MATERIAL FOR THIS EXERCISE:
#####

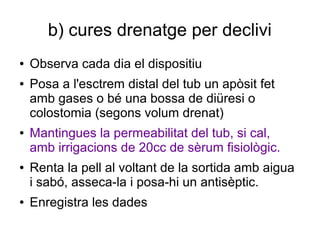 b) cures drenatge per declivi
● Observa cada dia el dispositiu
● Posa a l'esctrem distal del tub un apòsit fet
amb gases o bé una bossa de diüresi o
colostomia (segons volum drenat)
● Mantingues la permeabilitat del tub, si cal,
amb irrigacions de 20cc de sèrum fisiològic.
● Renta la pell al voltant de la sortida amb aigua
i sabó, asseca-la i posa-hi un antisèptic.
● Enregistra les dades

#####

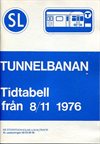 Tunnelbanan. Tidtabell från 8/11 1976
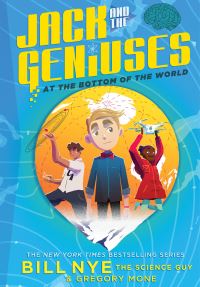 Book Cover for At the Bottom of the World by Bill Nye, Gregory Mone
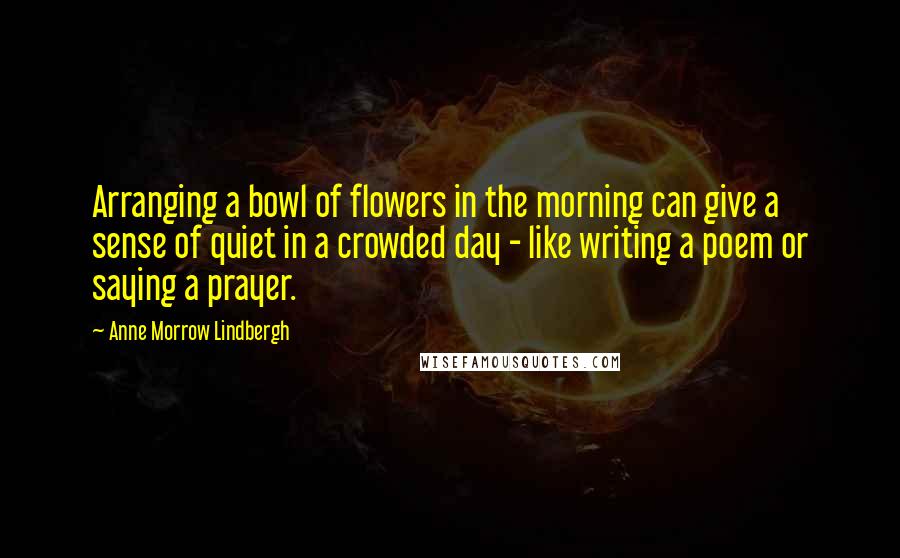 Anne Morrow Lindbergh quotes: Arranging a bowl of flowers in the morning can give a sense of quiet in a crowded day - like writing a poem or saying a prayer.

#####

TASK: All lines above between those holding "sortida amb aigua" and "Enregistra les dades", inclusive, must be set down unchanged, and no other line may be included.

COMPLETED TASK:
● Renta la pell al voltant de la sortida amb aigua
i sabó, asseca-la i posa-hi un antisèptic.
● Enregistra les dades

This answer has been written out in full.